Initializing a Greenplum Database System
This chapter describes how to initialize a Greenplum Database database system. The instructions in this chapter assume you have already installed the Greenplum Database software on all of the hosts in the system according to the instructions in Configuring Your Systems and Installing Greenplum.
This chapter contains the following topics:
Overview
Because Greenplum Database is distributed, the process for initializing a Greenplum Database management system (DBMS) involves initializing several individual PostgreSQL database instances (called segment instances in Greenplum).
Each database instance (the master and all segments) must be initialized across all of the hosts in the system in such a way that they can all work together as a unified DBMS. Greenplum provides its own version of initdb called gpinitsystem, which takes care of initializing the database on the master and on each segment instance, and starting each instance in the correct order.
After the Greenplum Database database system has been initialized and started, you can then create and manage databases as you would in a regular PostgreSQL DBMS by connecting to the Greenplum master.
Initializing Greenplum Database
These are the high-level tasks for initializing Greenplum Database:
- Make sure you have completed all of the installation tasks described in Configuring Your Systems and Installing Greenplum.
- Create a host file that contains the host addresses of your segments. See Creating the Initialization Host File.
- Create your Greenplum Database system configuration file. See Creating the Greenplum Database Configuration File.
- By default, Greenplum Database will be initialized using the locale of the master host system. Make sure this is the correct locale you want to use, as some locale options cannot be changed after initialization. See Configuring Localization Settings for more information.
- Run the Greenplum Database initialization utility on the master host.

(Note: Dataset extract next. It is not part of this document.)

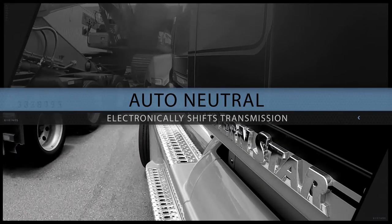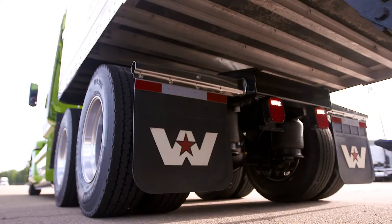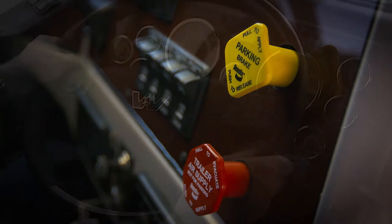An auto neutral feature electronically shifts the transmission into neutral if not done within five seconds after the truck parking brake is applied. An audible warning instructs the driver to select neutral.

See Running the Initialization Utility.
Creating the Initialization Host File
The gpinitsystem utility requires a host file that contains the list of addresses for each segment host. The initialization utility determines the number of segment instances per host by the number host addresses listed per host times the number of data directory locations specified in the gpinitsystem_config file.

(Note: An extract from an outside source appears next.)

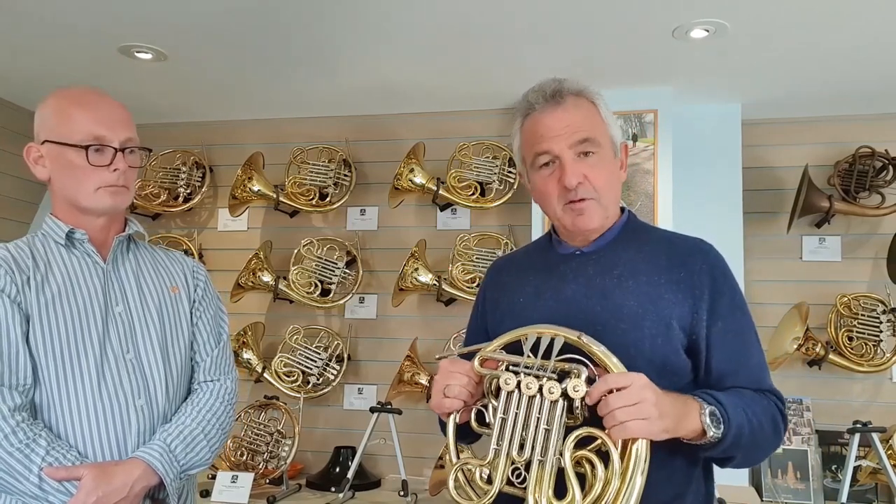A lot of horns don't have a B-flat tuning slide. They just have a main tuning slide and an F tuning slide, so in order to tune, you have to tune up the B-flat horn first, and then tune the F horn. But on a Paxman horn, it's independent. You can tune up the B-flat horn, tune up the F horn, and actually you don't really need the main tuning slide at all. So those are the key features. I hope that's been of some help. Thanks very much. Bye-bye.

This file should only contain segment host addresses (not the master or standby master). For segment machines with more than one network interface, this file should list the host address names for each interface — one per line.

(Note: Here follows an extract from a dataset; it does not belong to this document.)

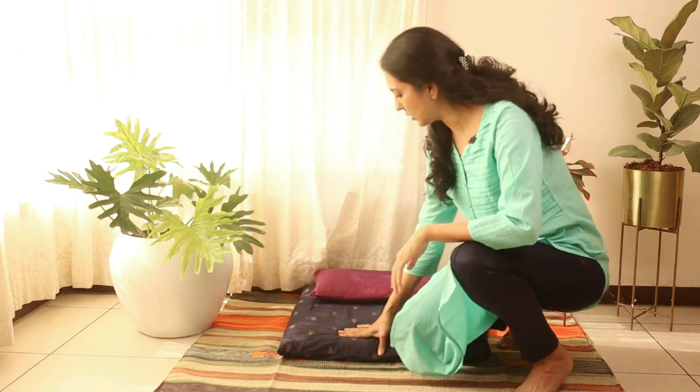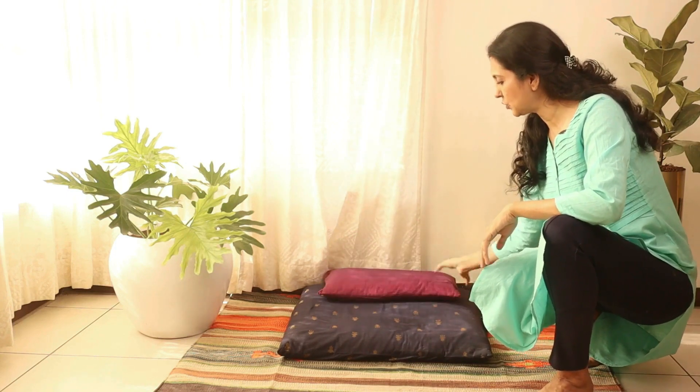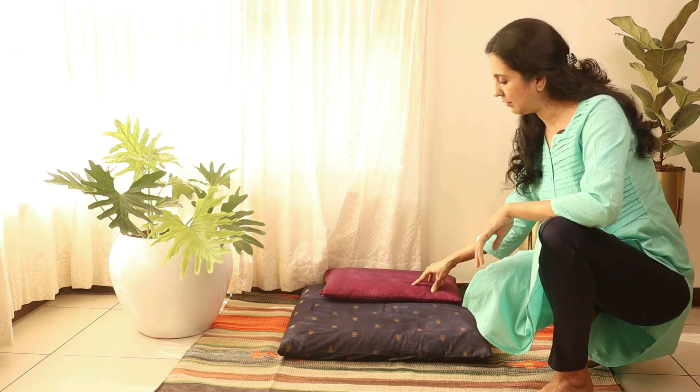If you want to sit and meditate on the ground, let me show you the right way to sit and the right setup. As you can notice, I'm sitting on a cushion and there's a smaller cushion under the seat of my body. This really helps in keeping the back straight and slightly upright, and in keeping the head, neck, and trunk aligned.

To create the initialization host file
- Log in as
gpadmin.
$ su - gpadmin
- Create a file named hostfile_gpinitsystem. In this
file add the host address name(s) of your segment host interfaces, one name per
line, no extra lines or spaces. For example, if you have four segment hosts with two
network interfaces
each:
sdw1-1 sdw1-2 sdw2-1 sdw2-2 sdw3-1 sdw3-2 sdw4-1 sdw4-2
- Save and close the file.
Creating the Greenplum Database Configuration File
Your Greenplum Database configuration file tells the gpinitsystem utility how you want to configure your Greenplum Database system. An example configuration file can be found in $GPHOME/docs/cli_help/gpconfigs/gpinitsystem_config.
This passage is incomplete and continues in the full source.